About 30 miles north of Santa Fe, New Mexico, San Juan Pueblo has been continuously inhabited for more 700 years, and more than 100 of its original buildings still survive. The Spaniard Don Juan de Onate arrived at the pueblo on an exploration survey in 1598. Impressed by the friendly people he met he christened the pueblo San Juan de Caballeros (Saint John of the Gentlemen) and decided the pueblo would serve well as the first capital of Spanish Nuevo Mexico. The capital at San Juan lastewd ten years, then the Spanish governor ordered the capital be moved to an uninhabited area in 1608. That new capital was later named "La Villareal de la Santa Fe de San Francis de Assisi" (The Royal City of the Holy Faith of St. Francis of Assisi, later shortened to Santa Fe).
Popé, an important leader during the Pueblo Revolt of 1680 was from San Juan. Popé was a traditional pueblo medicine man and he was flogged by the Spanish for performing traditional religious ceremonies. In the late 1670's, he and leaders from other pueblos began to organize a rebellion against Spain. When the Spanish were informed of the plan by an informant, Popé took refuge at the pueblo of Taos where he finished his plans and then put those plans into action. The revolt took place simultaneously in all of the Pueblos except Isleta and Hopi (the Hopi threw out the Spanish shortly after while most of Isleta sided with the Spanish). Spanish settlers and priests were killed and churches burned. The Spanish that survived fled to Santa Fe and took refuge in the Palace of the Governors. The pueblo warriors followed them laying siege to the Palace and cutting off their water supply. When the Spanish decided to leave the Palace, the warriors let them go peacefully but followed them closely as the Spanish retreated south down the Rio Grande Valley to the El Paso area. The Spanish returned in 1692 with Don Diego de Vargas leading his Conquistadores, and they re-conquered New Mexico.
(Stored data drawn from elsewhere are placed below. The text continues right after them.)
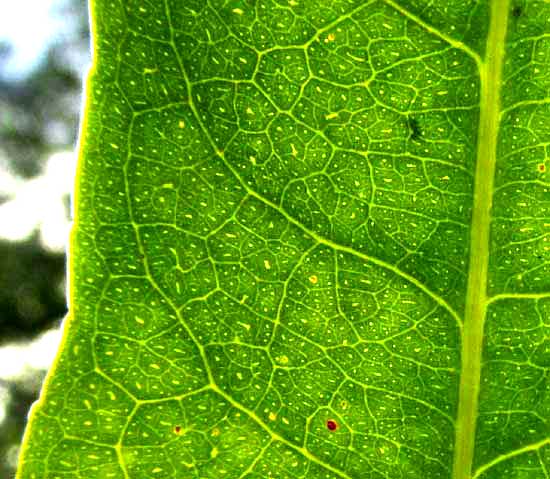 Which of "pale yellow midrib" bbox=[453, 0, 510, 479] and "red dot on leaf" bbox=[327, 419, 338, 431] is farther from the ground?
"pale yellow midrib" bbox=[453, 0, 510, 479]

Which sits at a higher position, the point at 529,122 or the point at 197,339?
the point at 529,122

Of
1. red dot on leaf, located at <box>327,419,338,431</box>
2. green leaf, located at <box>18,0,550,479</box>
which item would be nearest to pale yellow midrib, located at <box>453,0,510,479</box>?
green leaf, located at <box>18,0,550,479</box>

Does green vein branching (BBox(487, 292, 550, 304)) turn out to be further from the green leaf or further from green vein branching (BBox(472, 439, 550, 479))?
green vein branching (BBox(472, 439, 550, 479))

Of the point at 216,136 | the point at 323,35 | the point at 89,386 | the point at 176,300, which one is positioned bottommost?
the point at 89,386

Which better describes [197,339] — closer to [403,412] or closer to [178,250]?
[178,250]

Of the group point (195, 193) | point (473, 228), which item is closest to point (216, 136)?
point (195, 193)

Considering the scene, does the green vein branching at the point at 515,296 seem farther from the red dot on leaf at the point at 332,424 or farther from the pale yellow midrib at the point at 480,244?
the red dot on leaf at the point at 332,424

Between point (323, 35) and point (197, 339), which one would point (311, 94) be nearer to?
point (323, 35)

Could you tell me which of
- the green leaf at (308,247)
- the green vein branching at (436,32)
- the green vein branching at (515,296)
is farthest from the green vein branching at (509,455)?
the green vein branching at (436,32)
San Juan Pueblo today has two churches: the Chapel of Nuestra Senora de Lourdes was built of cut stone in 1898 while the red brick San Juan Bautista church was built in 1913. San Juan is home to the Bureau of Indian Affairs' Northern Pueblos Agency. It also houses the Eight Northern Indian Pueblos Council, which coordinates many programs including education, health, social services and economic development among the northern pueblos. San Juan organizes and hosts the well known Eight Northern Indian Pueblo Arts and Crafts Fair each July.
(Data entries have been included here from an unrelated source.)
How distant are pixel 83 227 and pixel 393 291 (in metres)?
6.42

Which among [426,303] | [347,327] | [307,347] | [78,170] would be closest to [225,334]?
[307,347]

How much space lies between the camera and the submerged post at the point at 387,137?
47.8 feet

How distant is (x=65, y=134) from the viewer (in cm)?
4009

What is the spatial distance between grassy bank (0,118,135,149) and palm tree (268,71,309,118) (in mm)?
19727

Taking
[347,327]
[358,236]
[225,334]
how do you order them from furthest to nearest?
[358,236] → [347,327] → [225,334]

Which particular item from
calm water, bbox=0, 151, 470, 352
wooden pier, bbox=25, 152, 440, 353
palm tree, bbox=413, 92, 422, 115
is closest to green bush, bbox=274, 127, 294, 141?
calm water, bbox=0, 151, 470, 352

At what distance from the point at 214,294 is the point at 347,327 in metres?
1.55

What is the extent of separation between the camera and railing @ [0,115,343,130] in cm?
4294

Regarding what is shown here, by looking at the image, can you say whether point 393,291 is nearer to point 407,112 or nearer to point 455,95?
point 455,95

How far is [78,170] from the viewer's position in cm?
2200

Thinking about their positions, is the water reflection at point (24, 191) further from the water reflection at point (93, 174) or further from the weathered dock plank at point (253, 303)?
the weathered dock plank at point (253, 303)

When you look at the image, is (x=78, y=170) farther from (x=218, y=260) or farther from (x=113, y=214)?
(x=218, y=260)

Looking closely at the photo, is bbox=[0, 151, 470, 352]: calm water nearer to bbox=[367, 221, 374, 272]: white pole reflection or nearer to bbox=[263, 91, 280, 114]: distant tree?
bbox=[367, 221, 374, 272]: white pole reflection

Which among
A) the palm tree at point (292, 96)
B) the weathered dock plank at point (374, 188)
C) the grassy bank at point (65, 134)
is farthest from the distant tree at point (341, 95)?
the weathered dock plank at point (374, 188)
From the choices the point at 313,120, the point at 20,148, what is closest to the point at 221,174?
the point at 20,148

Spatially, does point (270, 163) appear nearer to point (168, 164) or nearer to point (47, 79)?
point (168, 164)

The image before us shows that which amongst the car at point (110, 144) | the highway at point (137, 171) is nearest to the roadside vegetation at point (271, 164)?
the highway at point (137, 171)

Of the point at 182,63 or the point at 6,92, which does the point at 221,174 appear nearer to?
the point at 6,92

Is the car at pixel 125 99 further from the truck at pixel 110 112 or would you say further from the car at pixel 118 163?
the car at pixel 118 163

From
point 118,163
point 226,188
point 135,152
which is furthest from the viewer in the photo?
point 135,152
San Juan Pueblo has also officially changed the pueblo name to Ohkay Owingeh, although there was considerable push-back from the US Postal Service.Pottery History
Pottery from San Juan has long been prized as sturdy utilitarian ware. Even during the Spanish occupation, many Hispanic households in northern New Mexico used it regularly, due to its durability. Before 1900, San Juan pottery was either red or black and usually undecorated. In the 1930's Regina Cata, a Spanish woman who had married into the pueblo, introduced a new style of pottery. Regina organized a group of potters, including Crucita and Reycita Trujillo, Crucita Talachy, Gregocita Cruz, Luteria Atencio and Tomasita Montoya, to study ancient Potsuwi'i incised pottery shards dating from around 1450-1500. The shards had been discovered in the abandoned ancestral village of San Juan, across the Rio Grande from the current pueblo. The new pottery style consists mostly of redware and is heavier than previous San Juan pottery. The rim and base of the pots are usually polished red with an unslipped, buff-colored band in between. The band is either carved and decorated with red, buff, and white matte paints or incised with a micaceous slip applied before firing. Typical designs include geometric patterns, flowers, feathers, kiva steps, spirals, rainbows and sun/cloud patterns.